Franchise brands and games drive revenue growth for Hasbro in Q2 2017

monopoly
Hasbro’s net revenues for Q2 2017 increased 11 per cent to $972.5m versus $878.9m in 2016.

“The Hasbro team executed another very strong quarter across the Brand Blueprint,” said Brian Goldner, Hasbro’s chairman and chief executive officer.

“Story-led brands and innovative brand initiatives drove double-digit revenue growth and an increase in operating profit margin. Franchise Brand, Hasbro Gaming and Partner Brand revenues grew year-over-year, and revenue increased across all geographic regions. We entered the important second half of the year with strong consumer momentum, a robust and diverse entertainment slate and compelling new brand initiatives.”

Hasbro’s total gaming category, including all gaming revenue, totalled $273.3m for the Q2 2017, up 20 per cent on Q2 2016, while Hasbro Gaming revenues grew six per cent to $133.9m.

Franchise Brand revenues increased 21 per cent to $545.7m, driven by revenue growth in Transformers, Magic: The Gathering, Nerf and Monopoly, while Partner Brand revenues increased one per cent to $230m, with Beyblade, Trolls, Marvel and Disney Princess all posting revenue growth in Q2 2017.

Emerging Brands revenue declined 14 per cent to $62.9m, driven by declines in PlaySkool, Super Soaker and Easy-Bake Oven products, while Baby Alive revenues were also slightly down.

Territory-wise, Q2 2017 U.S. and Canada segment net revenues increased 16 per cent to $494.4m compared to $425.9m in 2016, while international segment net revenues increased six per cent to $426.6m compared to $401.1m in 2016.

On a regional basis, Europe revenues increased four per cent, Latin America increased three per cent and Asia Pacific increased 18 per cent.

Entertainment and Licensing segment net revenues decreased one per cent to $51.5m compared to $51.9m in 2016. Growth in digital gaming, led by Backflip Studios, was offset by declines in entertainment revenues.

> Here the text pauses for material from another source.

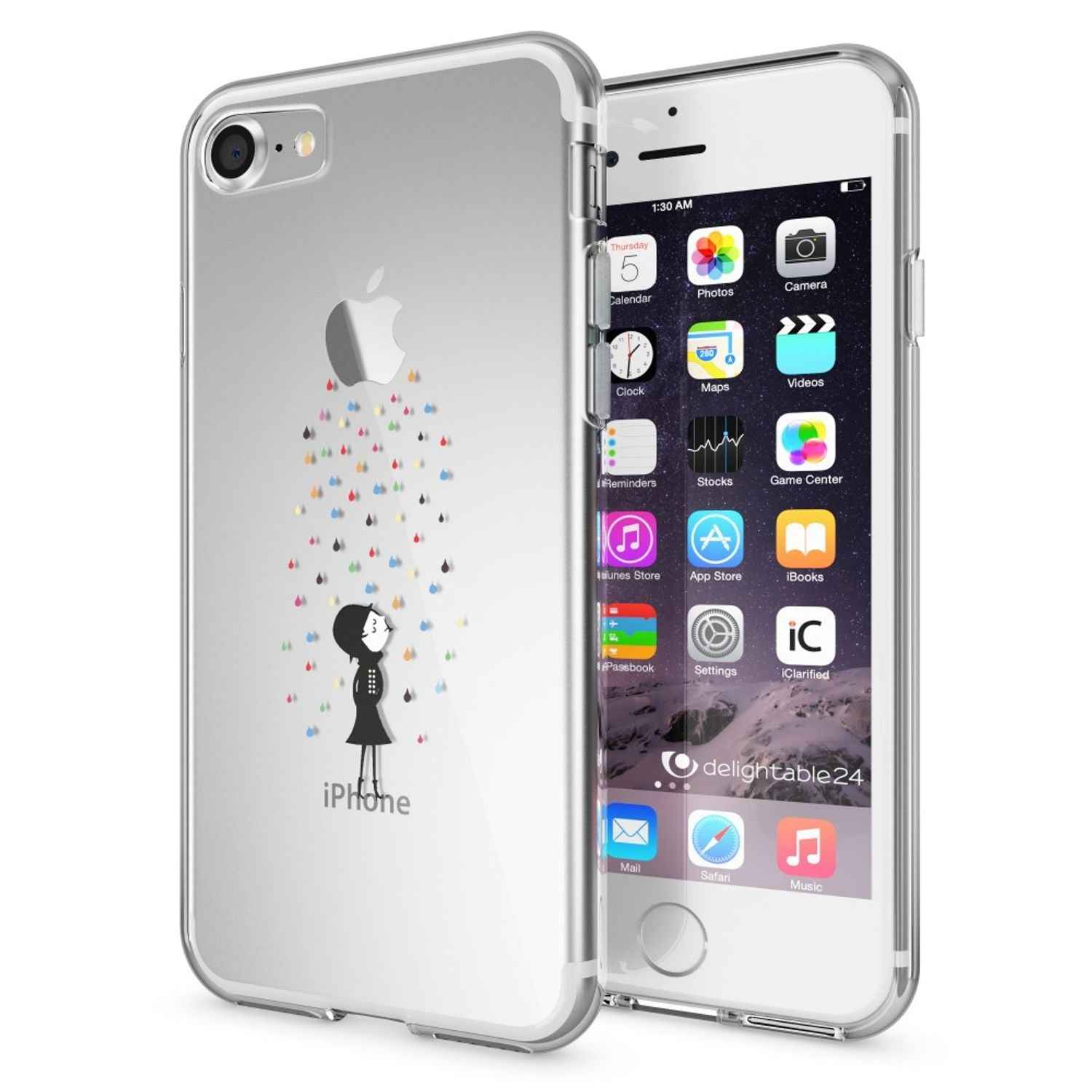 iPhone 7 Hülle Handyhülle von NALIA, Motiv Case Cover Bumper Transparent Klar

Deborah Thomas, Hasbro’s chief financial officer, added: “Our balance sheet and cash flows remain strong. While we are seeing some softness in economic conditions in Brazil and the UK, our brands continue to resonate with consumers. We are well positioned with innovative new product driven by strong entertainment as we enter the second half of the year.”